(Supplied information)
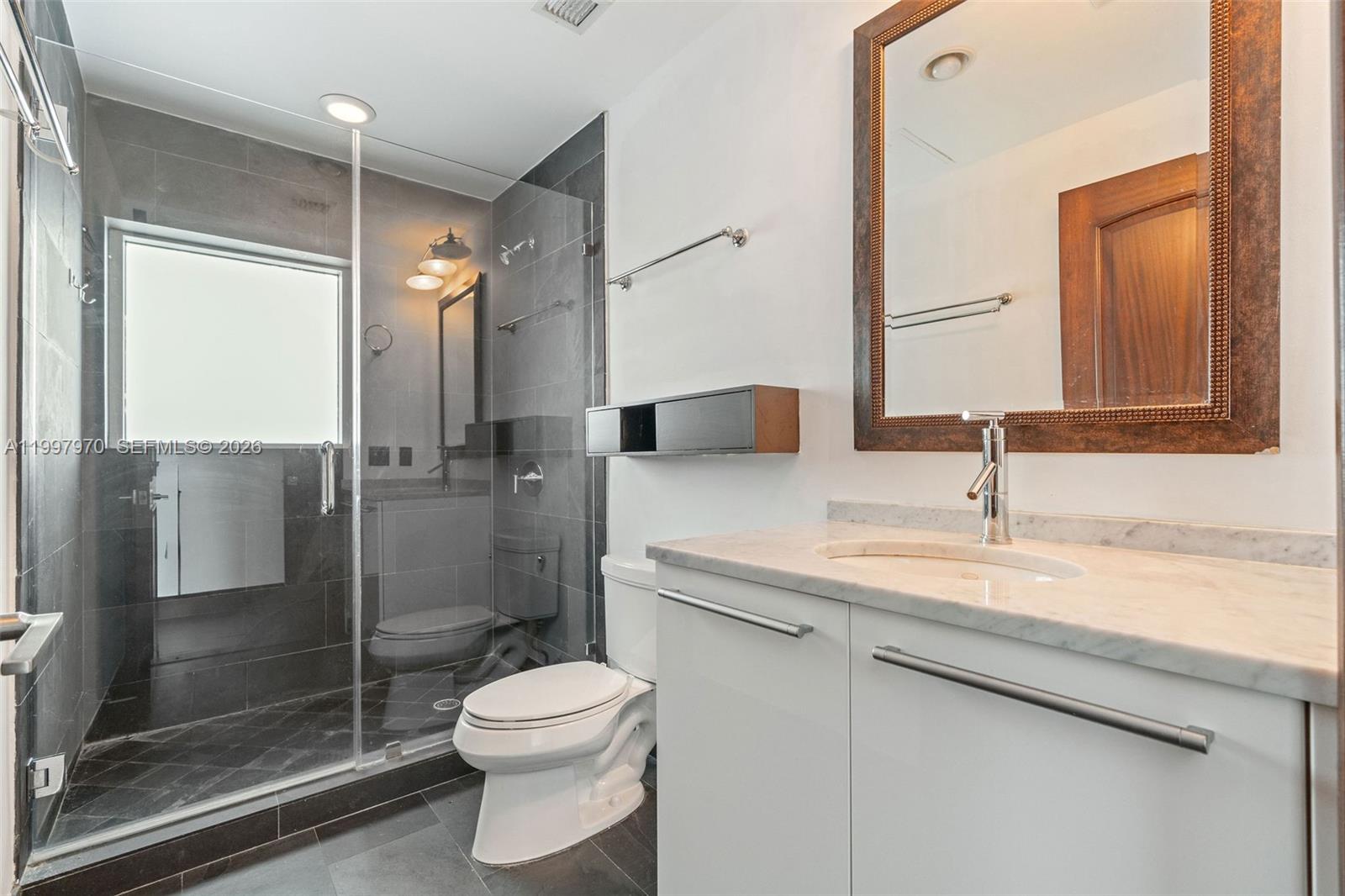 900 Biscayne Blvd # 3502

==

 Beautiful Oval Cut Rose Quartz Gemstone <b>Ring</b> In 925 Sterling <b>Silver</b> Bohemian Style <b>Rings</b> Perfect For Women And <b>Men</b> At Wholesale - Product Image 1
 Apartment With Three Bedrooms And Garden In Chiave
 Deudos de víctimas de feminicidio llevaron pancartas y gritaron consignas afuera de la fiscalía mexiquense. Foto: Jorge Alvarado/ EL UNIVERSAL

--

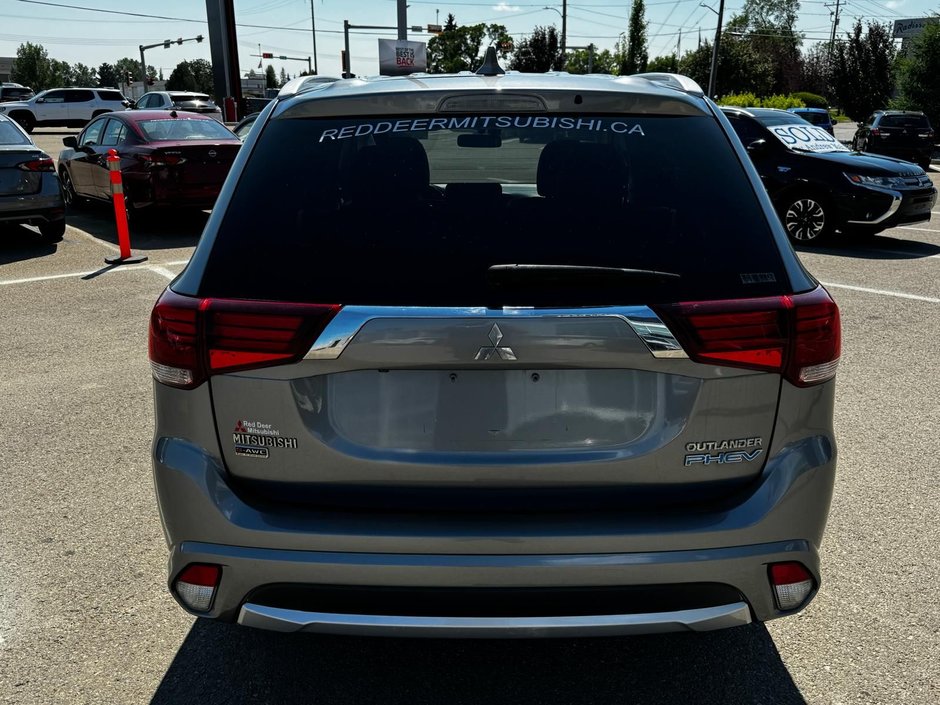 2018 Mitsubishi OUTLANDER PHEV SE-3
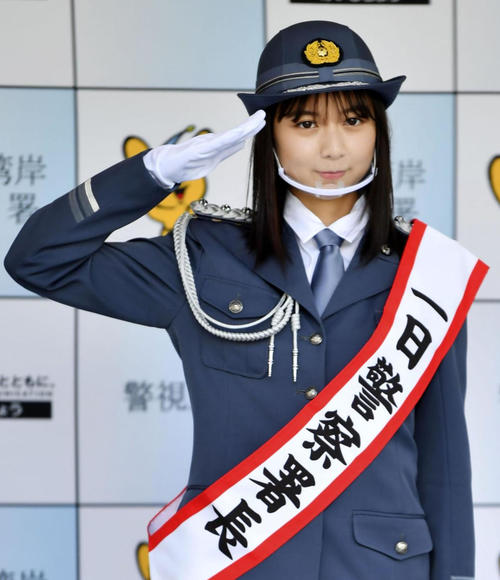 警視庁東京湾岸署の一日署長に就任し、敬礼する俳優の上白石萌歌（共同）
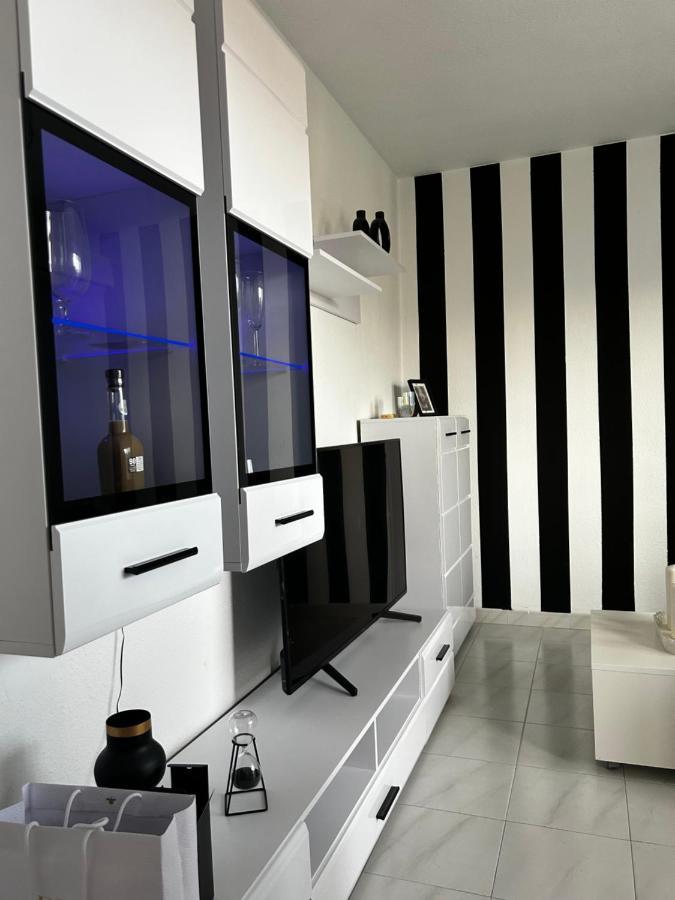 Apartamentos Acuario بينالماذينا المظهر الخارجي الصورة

(Exercise requirements) Drop the pictures; return the lines above from the line containing "2018 Mitsubishi OUTLANDER PHEV SE-3" to the line containing "Apartamentos Acuario بينالماذينا", both included, exactly.

(Answer box)
 2018 Mitsubishi OUTLANDER PHEV SE-3
 警視庁東京湾岸署の一日署長に就任し、敬礼する俳優の上白石萌歌（共同）
 Apartamentos Acuario بينالماذينا المظهر الخارجي الصورة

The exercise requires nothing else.